Aired October 28, 2019 - 06:30   ET




ALISYN CAMEROTA, CNN ANCHOR: President Trump's former deputy national security adviser, Charles Kupperman, is scheduled to testify in just a few hours on Capitol Hill. But it's unclear if that deposition will happen now that Kupperman has asked a federal judge to determine whether he must testify. Kupperman's testimony is key because he listened in on that July 25th phone call between President Trump and Ukraine president.

Back with us now, Margaret Talev. Also joining us, CNN political commentator Joe Lockhart.

So, Margaret, this -- the -- the Kupperman issue is complicated because he's getting diametrically different orders, one from the congressional committees that want to hear from him that have issued a subpoena, and one from the White House that says that they don't want him to talk. So, now what?

MARGARET TALEV, CNN POLITICAL ANALYST: Right. Well, I reached out to Mr. Kupperman's attorney last night and this morning and haven't heard back yet definitively. So I think it is -- yet remains to be seen. But the legal -- the -- well, the response last week certainly suggests that he is not going to come and answer questions until a court has weighed in.

And this is important for a couple of reasons. You know, one is because we've seen other former White House officials just go ahead and defy or look past the guidance from the White House and come and speak anyway. So this is different. But the other is, of course, because Mr. Kupperman and John Bolton share the same attorney. And so the question is, is John Bolton going to take his cues from how a court weighs in, in Mr. Kupperman's case or not, and that could have real implications.


JOHN BERMAN, CNN ANCHOR: Yes, that's the biggie here. It's the same attorney with John Bolton. And, Joe, you know that Democrats want to speak with John Bolton. How

important is it to them and is it important enough, Joe, to have this fight in court, a fight that might take more than a day or two?

JOE LOCKHART, CNN POLITICAL COMMENTATOR: Well, I think it is. And I think, you know, this is a -- a potentially very risky move for the White House because this idea of constitutional immunity I have not found a legal person who can explain any precedent for it. It's a brand-new privilege that the White House is trying to assert.

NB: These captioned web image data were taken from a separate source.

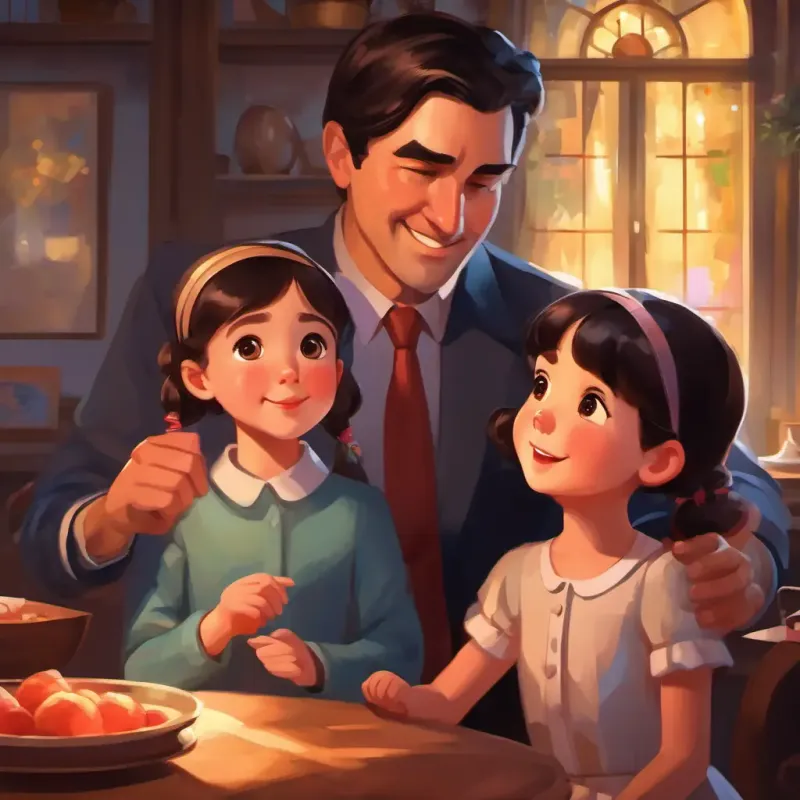 Family applauds, Dark-haired girl with bright eyes, passionate about fashion bows, receiving her father's praise.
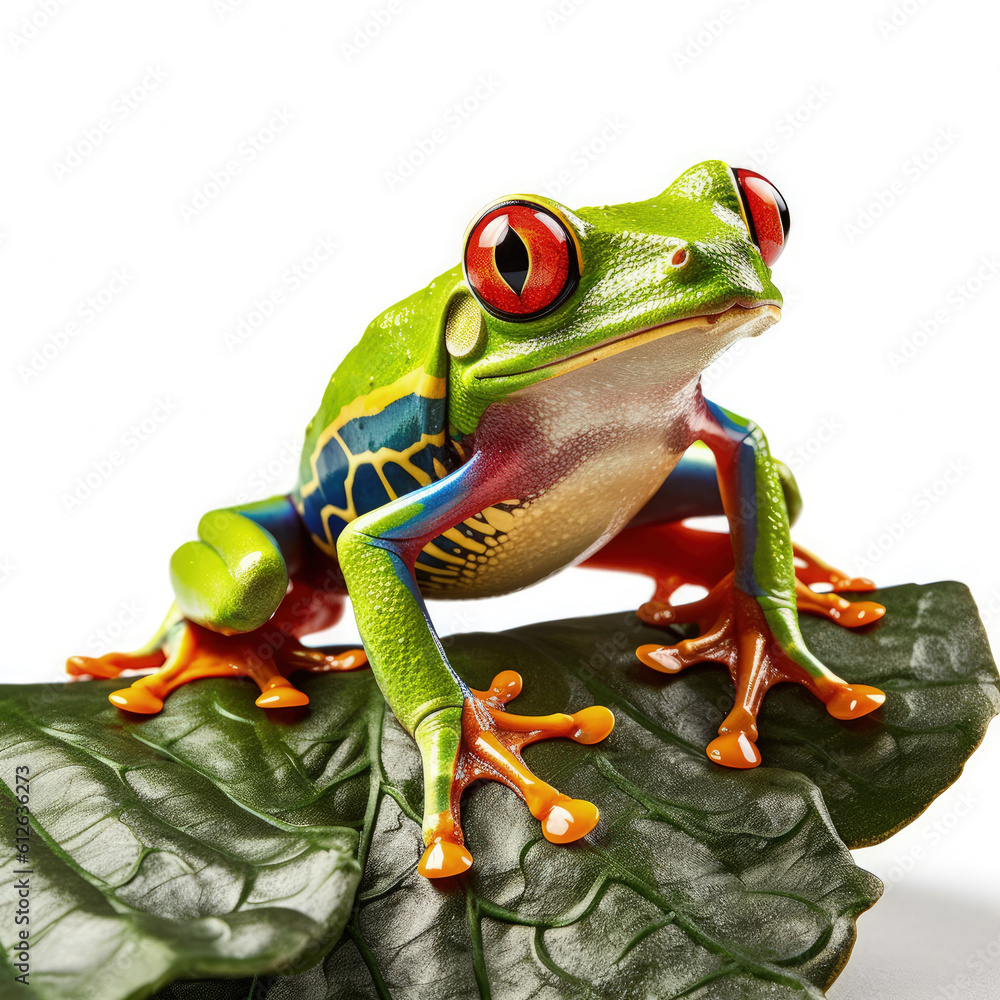 Red-eyed Tree Frog (Agalychnis callidryas) perched on leaf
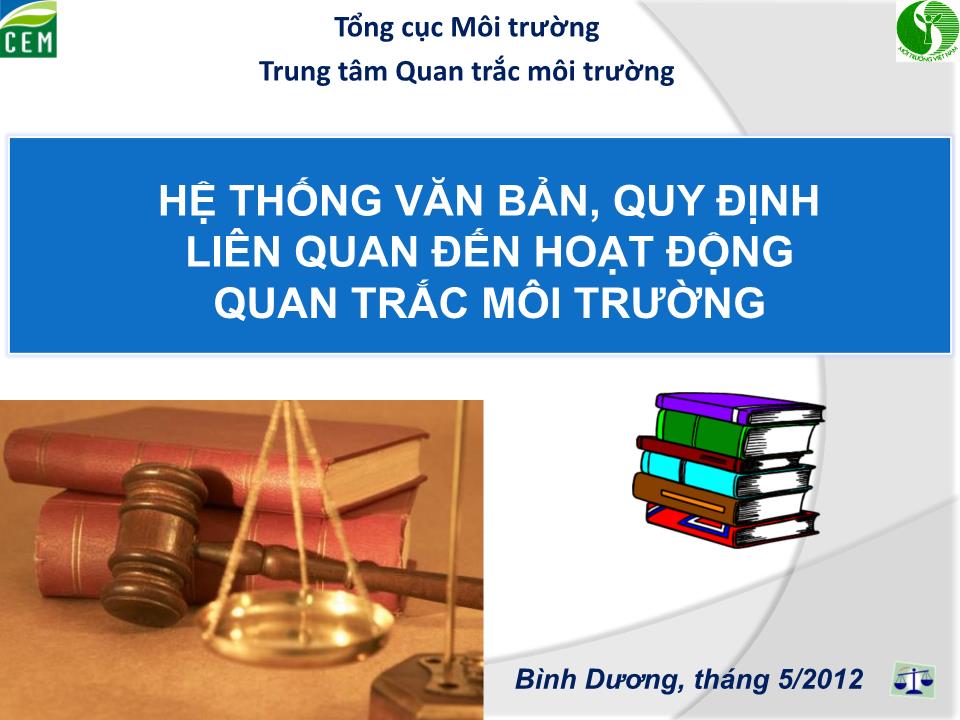 Hệ thống văn bản, quy định liên quan đến hoạt động quan trắc môi trường trang 1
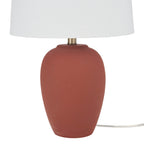 Nourison Home 23" Rust Orange Ceramic Pot Table Lamp for Bedroom, Living Room, Dining Office, with White Tapered Drum Shade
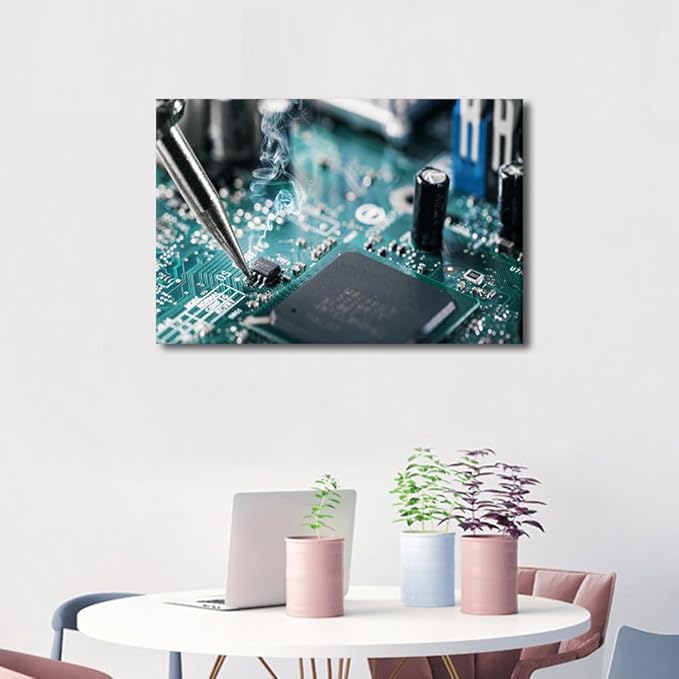 TUMOVO Cutting Machine Wall Art Office Room Wall Decor Modern Wall Artwork Canvas Frame Art Prints 1 Pieces Wall Art Canvas Art Poster Boys Room Decor Home Decorations for Living Room, 16" x24"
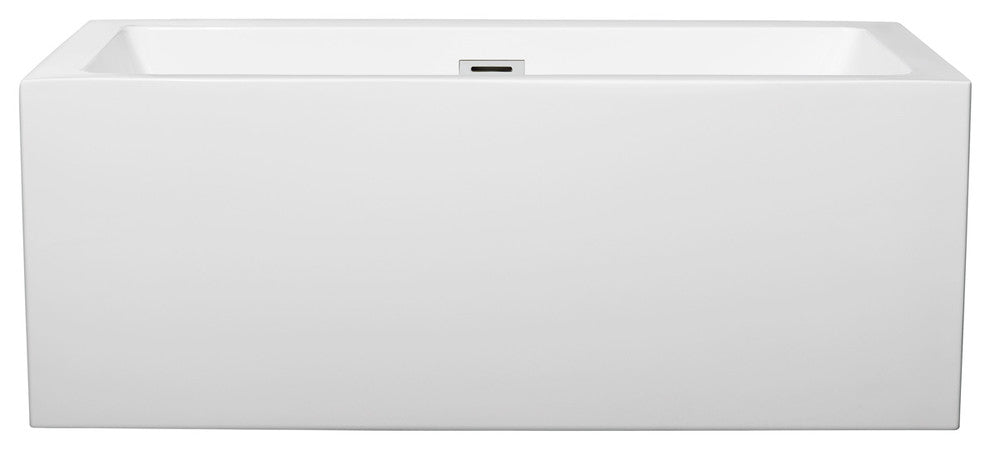 Melody 60" Freestanding White Bathtub, Chrome Drain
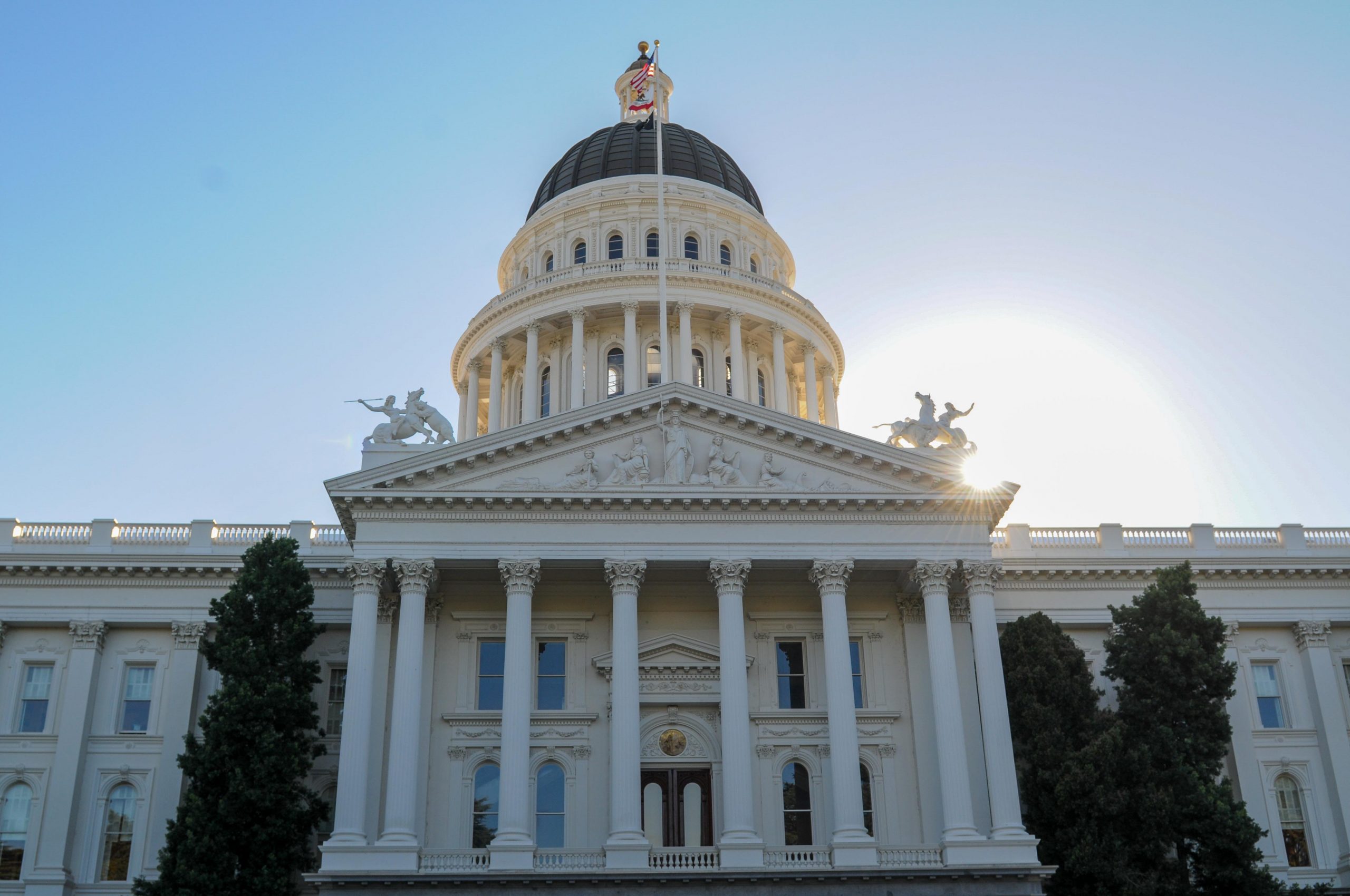 The California State Capitol in Sacramento, California, photographed from the grounds with the dome visible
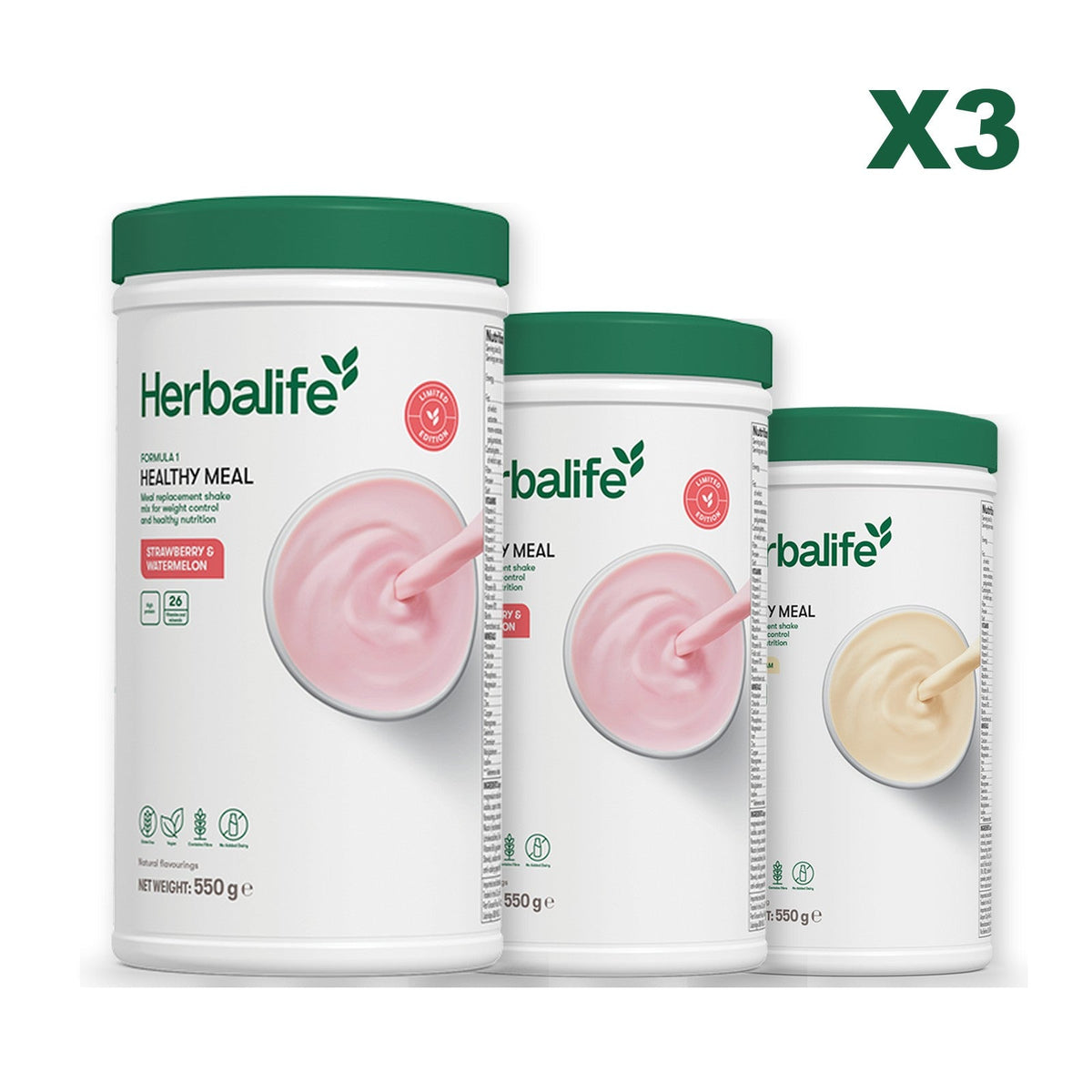 Formula 1 Strawberry Watermelon meal shake tub shown with two further Formula 1 tubs, Strawberry Watermelon / Vanilla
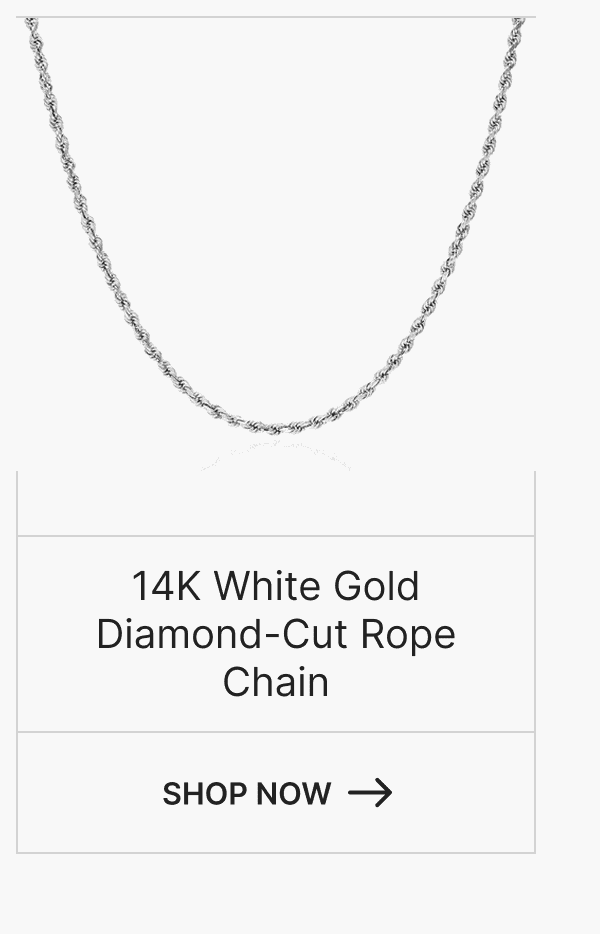 14K White Gold Diamond-Cut Rope Chain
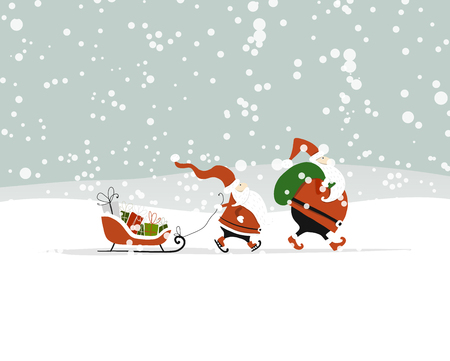 Santa brothers in winter forest. Christmas cardのイラスト素材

And if the judge takes that view, which I think most legal experts have articulated, then there's no excuse for someone to not go up. And I think that's what John Bolton is trying to do. He's really trying to weigh this idea of, he doesn't want to be in contempt of Congress, but he doesn't want to run afoul of the Republican establishment in Washington either. So what he's basically saying now through one of his deputies and their legal team of, I'll go up there, but I'll go up there kicking and screaming, which sort of solves his political problem in town.

CAMEROTA: This will be fascinating to see what happens today.

Meanwhile, let's move on to this weekend.

Former Chief of Staff John Kelly was at this summit and he talked about a warning that he gave President Trump in terms of what would happen once John Kelly left.

So listen to this.


JOHN KELLY, FORMER TRUMP WHITE HOUSE CHIEF OF STAFF: I said, whatever you do, and we were still in the process of trying to find someone to take my place, I said, whatever you do don't -- don't hire a yes man, someone that's going to tell you -- won't tell you the truth. Don't do that because if you do, I believe you'll be impeached.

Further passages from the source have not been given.